From these details, we can conclude Gaius was an early convert of Paul’s in Corinth who showed great devotion and generosity in service to the church. His home hosted one of the first house churches in the region. Though not an apostle or church leader, Gaius was likely a key figure in the establishment and growth of the Corinthian church.
Gaius of Derbe
The third Gaius mentioned in the New Testament is Gaius of Derbe. He joined Paul on the apostle’s third missionary journey:
He came to Derbe and then to Lystra, where a disciple named Timothy lived, whose mother was Jewish and a believer but whose father was a Greek. The believers at Lystra and Iconium spoke well of him. Paul wanted to take him along on the journey, so he circumcised him because of the Jews who lived in that area, for they all knew that his father was a Greek…Paul and his companions traveled throughout the region of Phrygia and Galatia, having been kept by the Holy Spirit from preaching the word in the province of Asia. When they came to the border of Mysia, they tried to enter Bithynia, but the Spirit of Jesus would not allow them to. So they passed by Mysia and went down to Troas. During the night Paul had a vision of a man of Macedonia standing and begging him, “Come over to Macedonia and help us.” After Paul had seen the vision, we got ready at once to leave for Macedonia, concluding that God had called us to preach the gospel to them (Acts 16:1-3, 6-10 NKJV).
This passage indicates Gaius was from Derbe and joined Paul and Timothy on what would become his second missionary journey. Gaius traveled with them through Galatia and over to Macedonia in response to Paul’s vision. He continued with Paul on to Philippi, Thessalonica, Berea, Athens, and Corinth before accompanying the apostle on his return trip to Jerusalem by way of Ephesus and Caesarea. Though not mentioned often, Gaius’ inclusion in the missionary team indicates he played an important support role in Paul’s early ministry.
In summary, the name Gaius was very common in the Roman empire during New Testament times. At least three men with the name are specifically identified in the Bible as companions of Paul and promoters of the gospel. Though they shared a name, each of these men appears to have come from a different location and background.
Gaius of Macedonia joined Paul’s team during the second or third missionary journey and endured persecution with the apostle in Ephesus. Gaius of Corinth was an early convert who generously opened his home for one of the first church plants. And Gaius of Derbe traveled with Paul across Greece and Asia Minor, helping spread the message of Christ to new cities and regions.

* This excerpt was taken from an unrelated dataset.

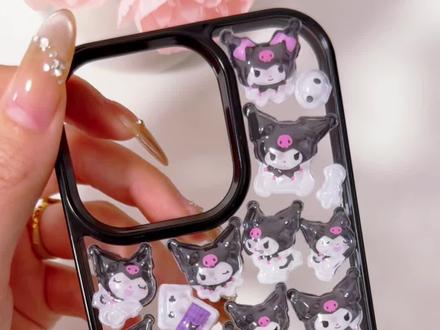 沉浸式贴个酷洛米手机壳#diy手工制作 #库洛米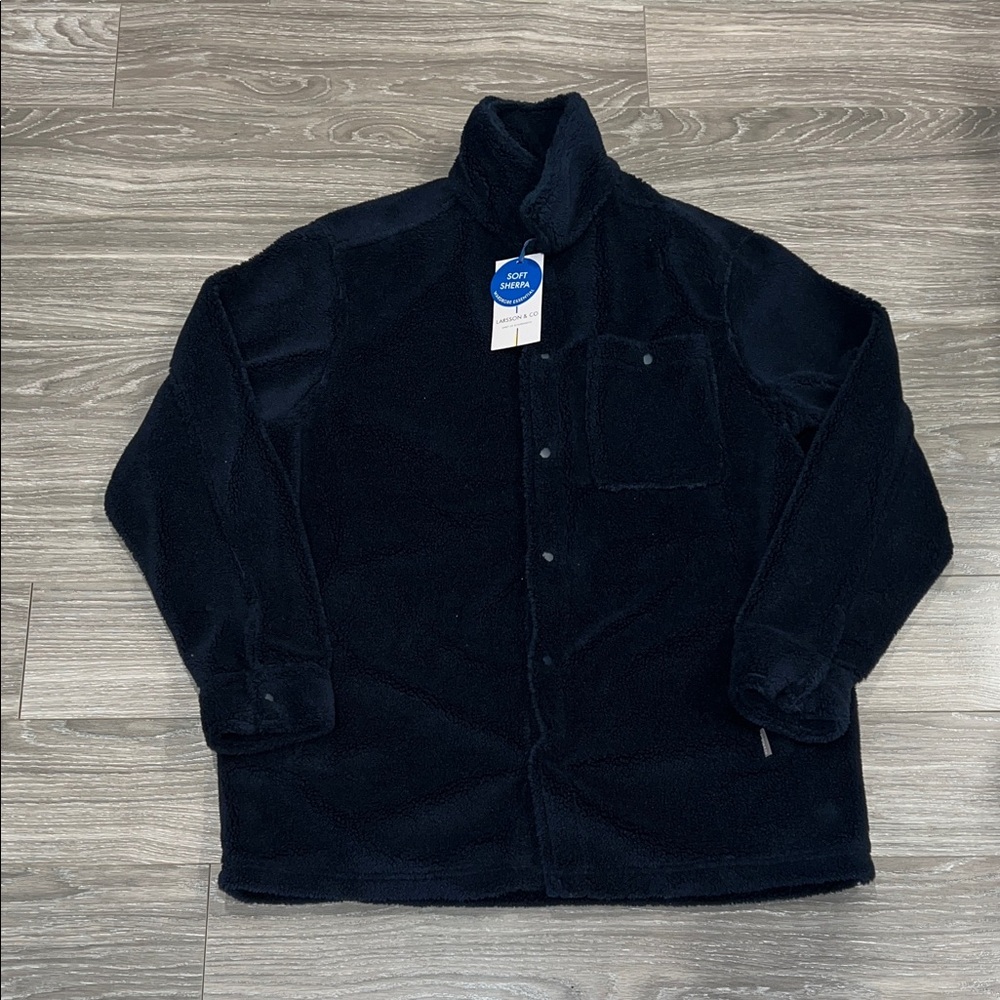 Men's Navy Fleece Jacket Larsson and Co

The New Testament Gaiuses remind us that the growth of the early church depended not just on the apostles but on countless nameless and faithful men and women who contributed in small yet vital ways. As we strive to live for Christ today, we do well to follow the examples of service, generosity, and loyalty demonstrated by these first-century brothers. Though little known and oft forgotten, their impact resounds through the centuries.